Nation’s electric car owners celebrate fifth anniversary of still not knowing which rapid charger will actually work today

Electric vehicle drivers across Britain are today marking a half-decade of absolute chaos, commemorating five full years of downloading apps they’ll use exactly once, standing in motorway service station car parks at 11pm watching a charging unit flash error codes in what might be Morse code, and developing the kind of route-planning skills previously only seen in Antarctic expeditions.

The milestone comes as EV ownership in the UK reaches record levels, with thousands of drivers now united in the shared experience of needing seven different accounts, four separate RFID cards they definitely put somewhere safe, and the phone number of that one bloke on Reddit who knows which charger at Northampton services was working last Tuesday.
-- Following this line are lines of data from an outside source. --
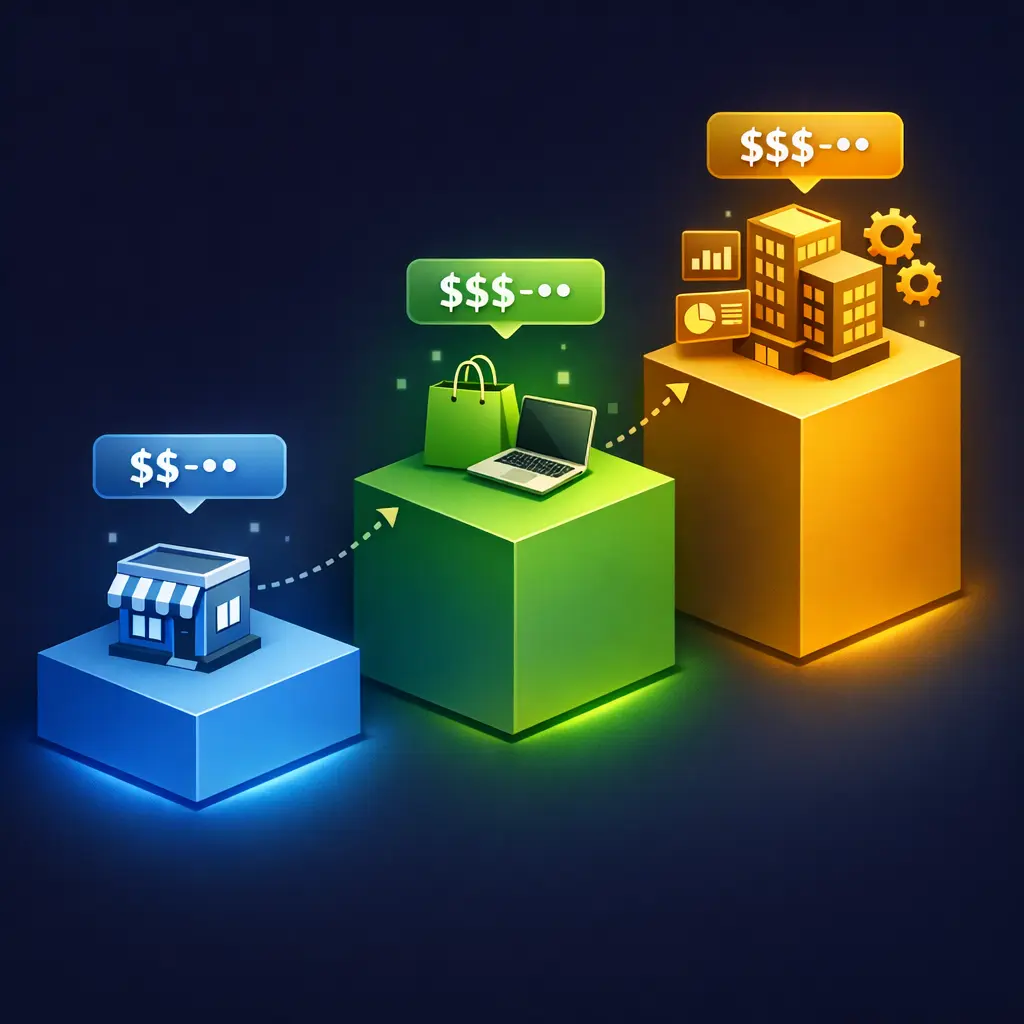 Three website redesign budget tiers from small business to enterprise showing ascending cost levels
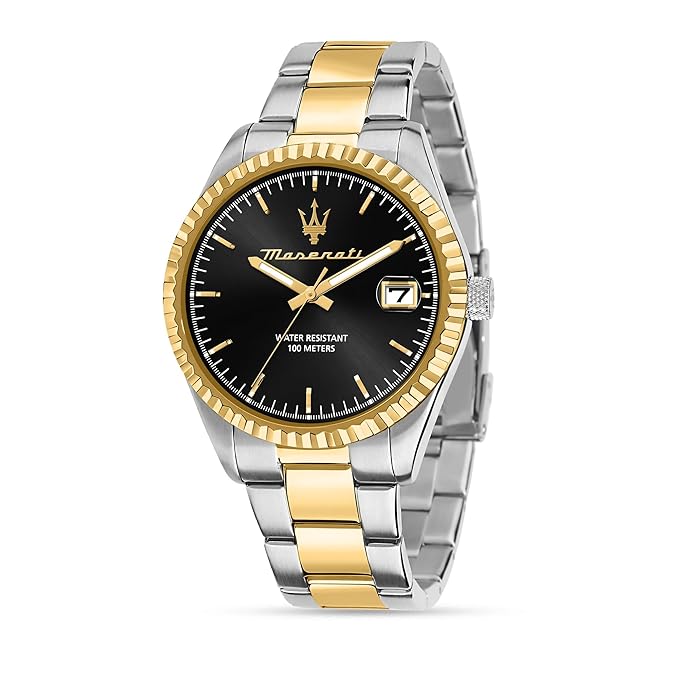 Maserati Stainless Steel Men's Competizione Analog Multicolor Black Dial Watch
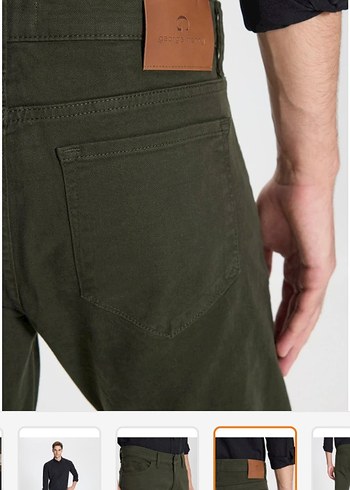 Erkek Skinny Fit Koyu Haki Pantolon - Görsel 7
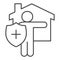 Person stay safe at home thin line icon. Figure with shield and cross near house outline style pictogram on white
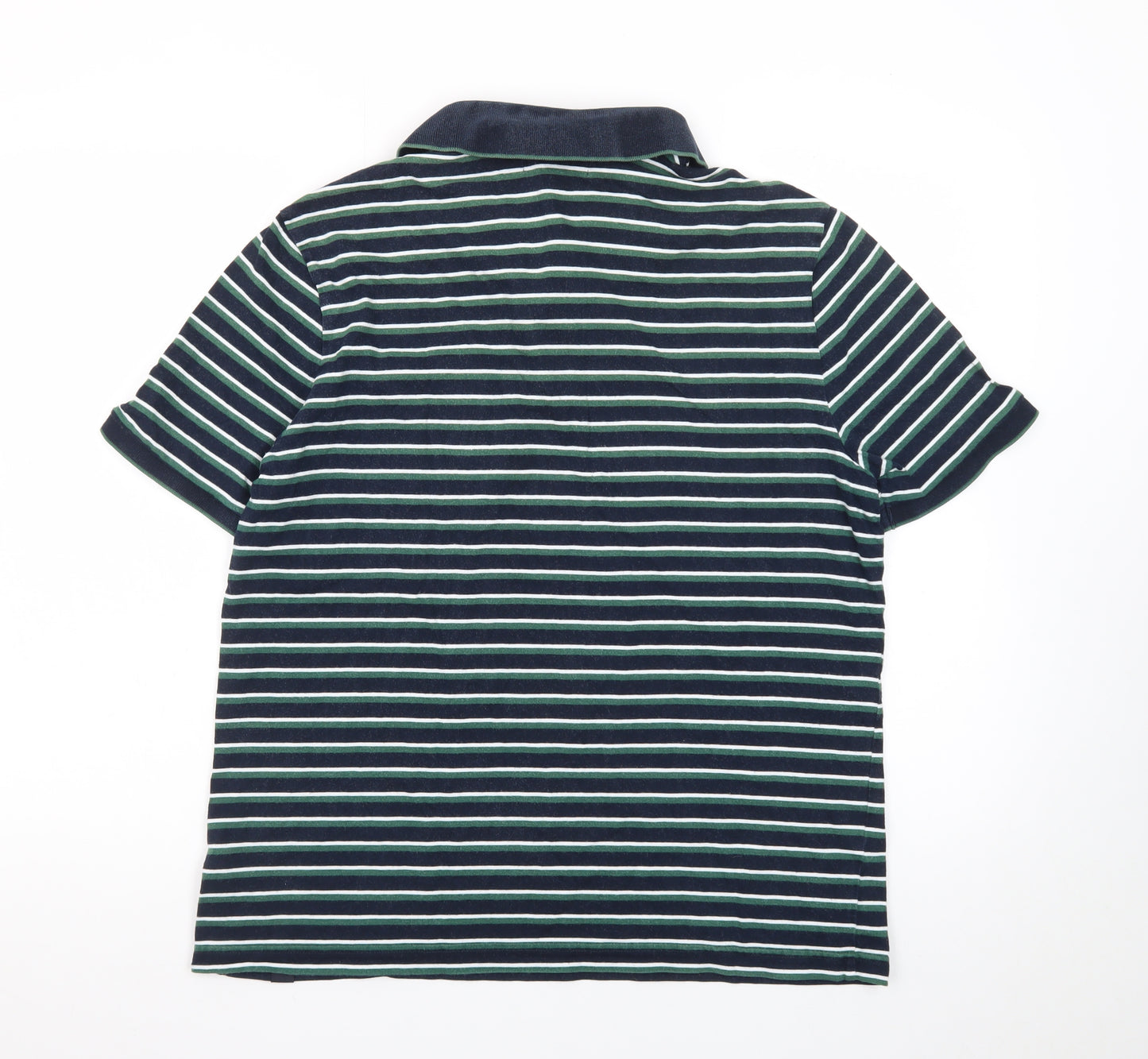 Marks and Spencer Men's Blue Striped Cotton Polo Shirt L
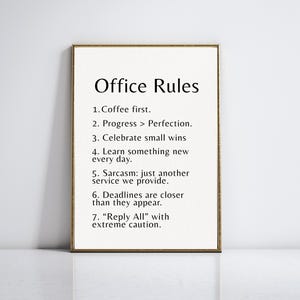 Funny Office Rules Art Prints: Sarcastic Workplace Humor (Digital Download)
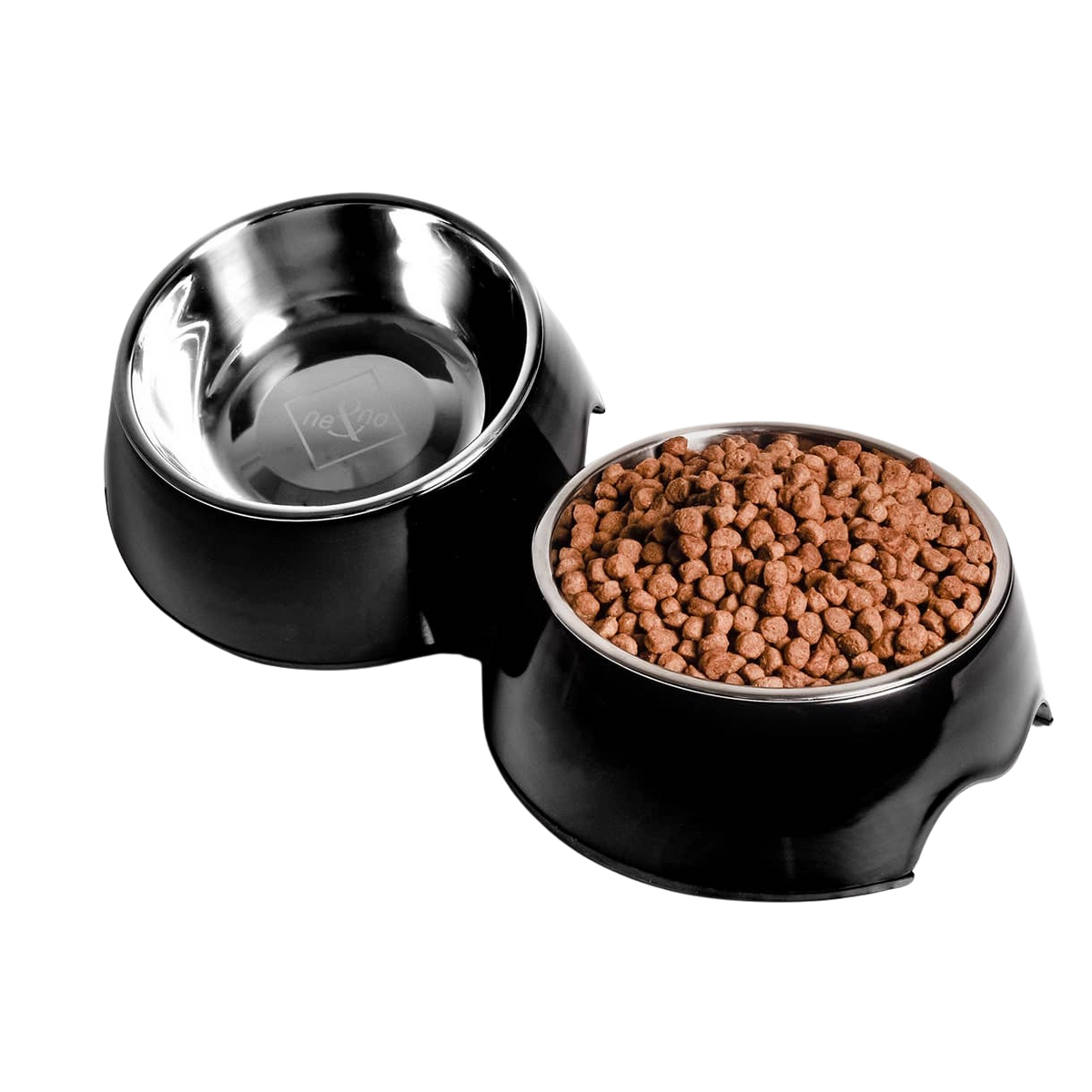 Set of 2 melamine and stainless steel bowls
“I’ve got an honours degree in biochemistry, but I honestly could not tell you which of my fourteen charging apps will successfully connect to the unit I’m currently standing in front of,” said Rachel Morrison, a teacher from Bristol who has been driving electric for three years. “Sometimes it’s the blue one. Sometimes the blue one tells me to use the green one. Last week the green one told me to phone a helpline, and the helpline told me to use the blue one. I’ve started bringing a Ouija board.”

The British tradition of stoic acceptance has reached new heights among the EV community, who have developed an almost zen-like approach to charging infrastructure. Planning a journey now involves consulting live status websites of unknown reliability, a WhatsApp group called ‘Is Cobham Working Today’, and what can only be described as prayer.

“I’ve got a spreadsheet,” admitted Tom Edwards, an accountant from Manchester. “It tracks which chargers were functional on which days, weather conditions at the time, and whether Mercury was in retrograde. I’m not saying there’s a pattern, but I’m not not saying it either. Last month I drove an extra forty-three miles to use a charger that I knew worked on a Thursday if you tapped your card exactly twice then opened the app while standing on one leg.”

The celebration has been somewhat muted by the fact that most EV owners are currently stranded at different service stations, trying to remember which email address they used to register for an account in 2019.

Meanwhile, the charging network operators have released a joint statement assuring customers that they’re working hard to improve the experience, which they will do via an exciting new app that’s incompatible with all the previous apps and requires you to upload a photo of your driving licence, your first pet’s name, and a brief essay on why you deserve electricity.

The traditional fifth anniversary gift is wood, which seems fitting given that many EV owners report the experience has given them a renewed appreciation for things that simply work when you put fuel in them, like fires, or petrol cars.